The bash scripts to run Pandoc are:

function pandocHtml {
  # Reads Pandoc markdown version, writes man page
  # $1 - filename, including file type, which should be .md
  # $2 - uncompressed output filename, with file type
  sudo bash -c "pandoc $1 -s \
    --lua-filter=scripts/include.lua \
    --lua-filter=scripts/links-to-html.lua \
    --css=http://cadenza.micronauticsresearch.com/css/main.css \
    --css=http://cadenza.micronauticsresearch.com/css/man.css \
    --from markdown \
    --to html > \"$2\""
}

function pandocMan {
  # Reads Pandoc markdown version, writes man page
  # $1 - filename, including file type, which should be .md
  # $2 - uncompressed output filename, with file type

  sudo bash -c "pandoc $1 -s \
    --filter scripts/delink.hs \
    --from markdown \
    --to man > \"$2\""
}

What should I do to prevent the name of the include file from appearing on the man page?

Thanks, Mike

@tarleb
Copy link
Author

tarleb commented May 20, 2019

If I understand this correctly, then you trying to include the file as raw HTML/JavaScript. Did I get that right? The above filter assumes that the included file is Markdown. We could think about the allowing additional instructions to define the format.

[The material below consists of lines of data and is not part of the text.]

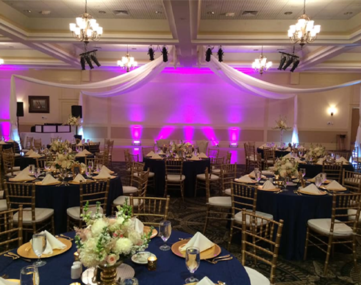 well lit reception area with colorful lit walls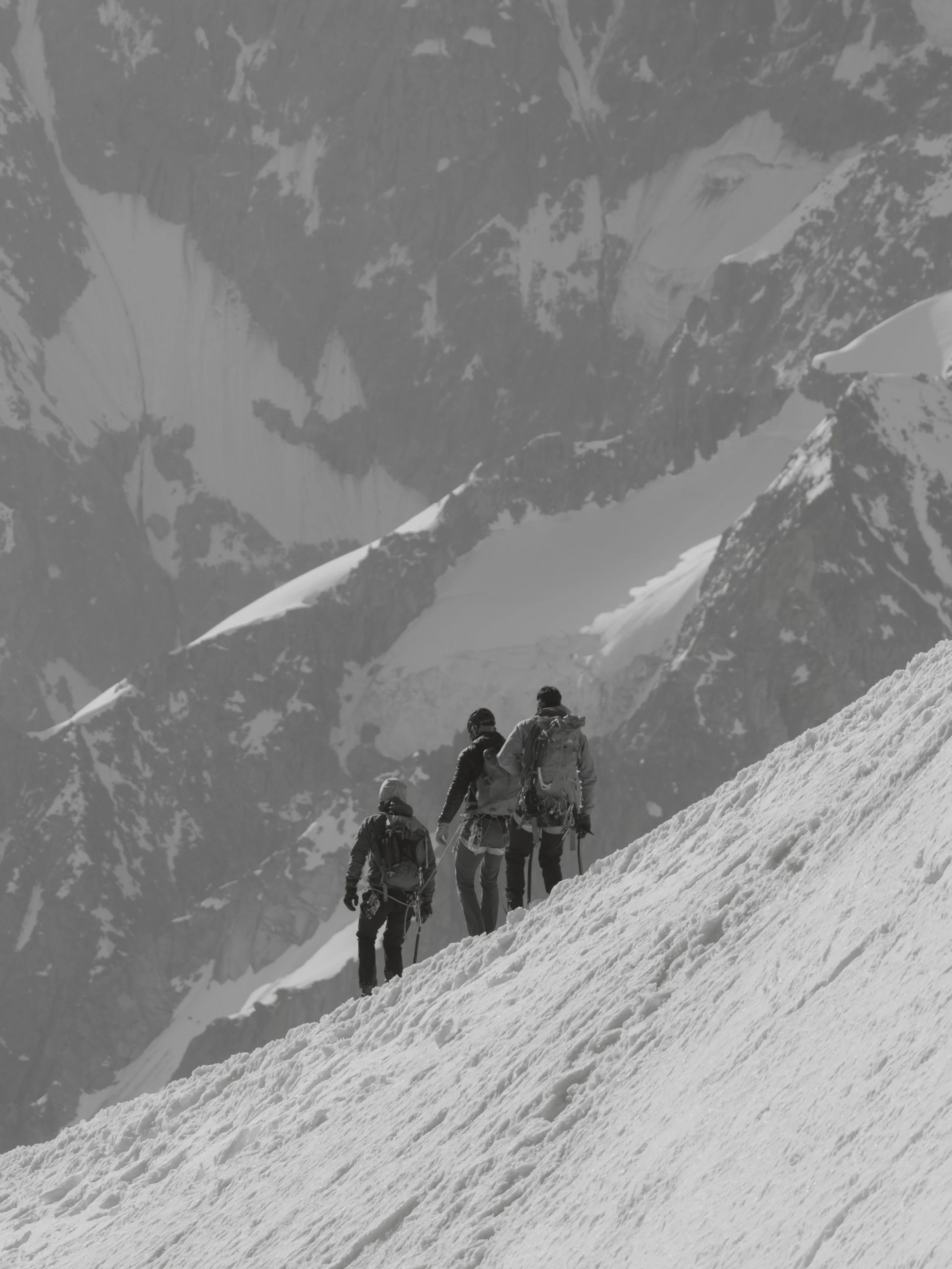 A group of six climbers, wearing winter gear and backpacks, ascending a snowy mountain slope with a backdrop of rugged snow-capped peaks.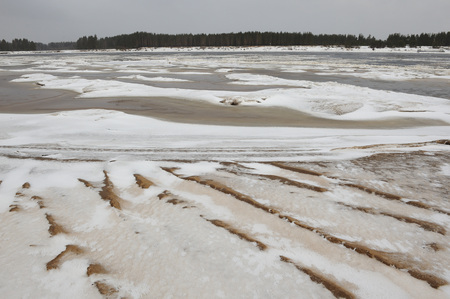 Desert landscape on the banks of the Vychegda river in late November.の写真素材
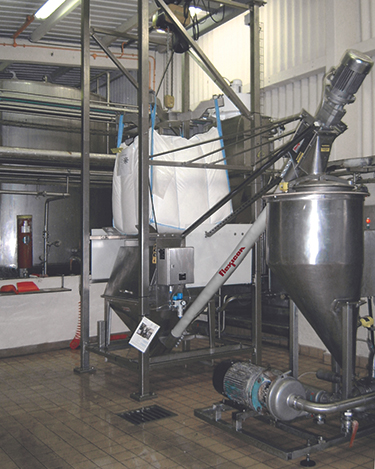 Dust-Tight Bulk Bag Discharger with Flexible Screw Conveyor Eliminates Waste, Improves Safety and Quality
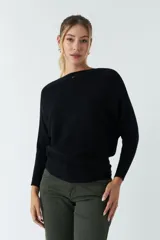 Sweater negro de punto liviano con textura acanalada y diseño de hombros caídos.
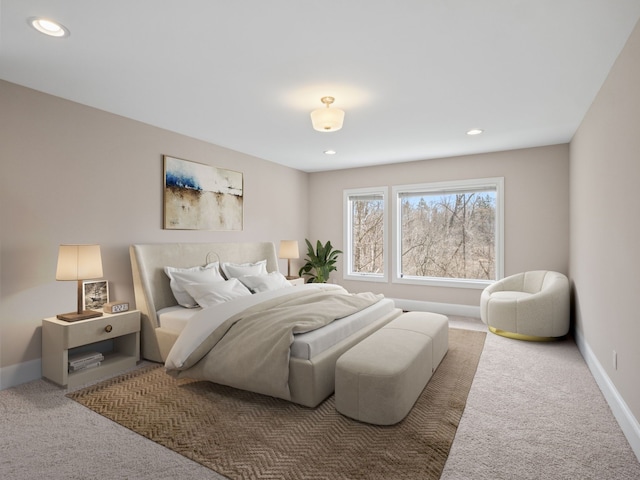 bedroom with recessed lighting and carpet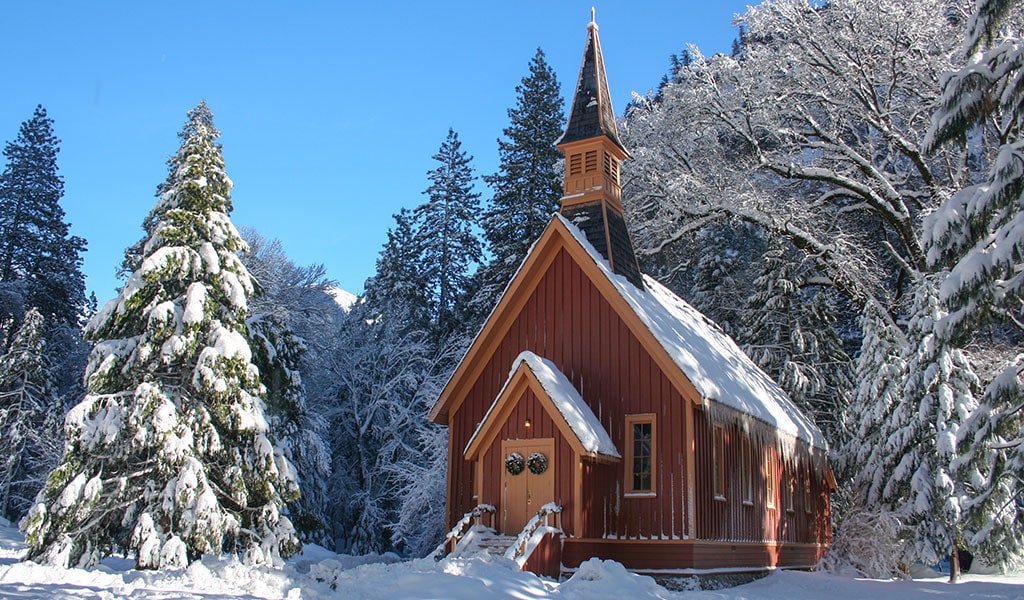Yosemite's chapel in winter covered in snow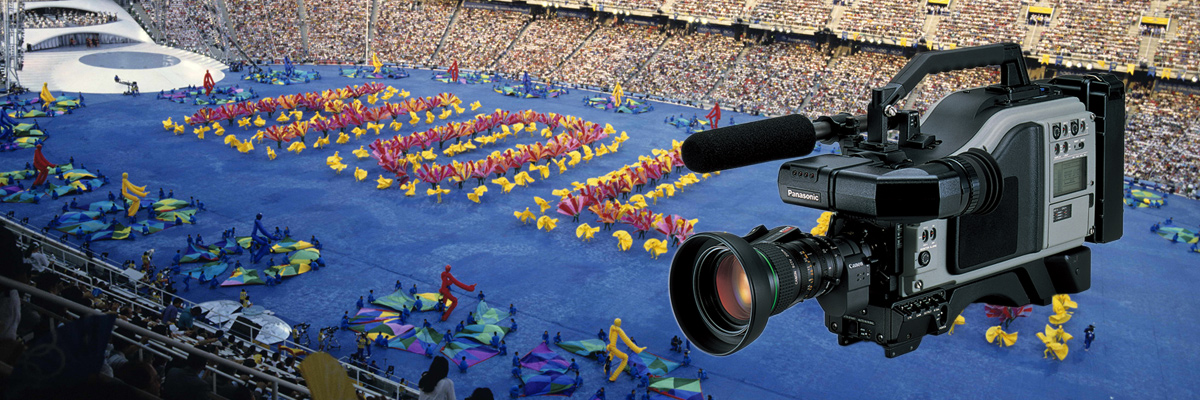 写真：ビデオカメラレコーダーの製品写真とバルセロナオリンピック開会式セレモニーが行われているスタジアムの全景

However, that doesn't explain why the filter does not seem to work with man output. I cannot see how this would happen.

@mslinn
Copy link

mslinn commented May 20, 2019

The filter you show above includes JavaScript without any problem when rendering to HTML. I want the filter to do nothing when rendering to a man page. Currently it does not do anything for man pages, but its name appears instead, as I show above.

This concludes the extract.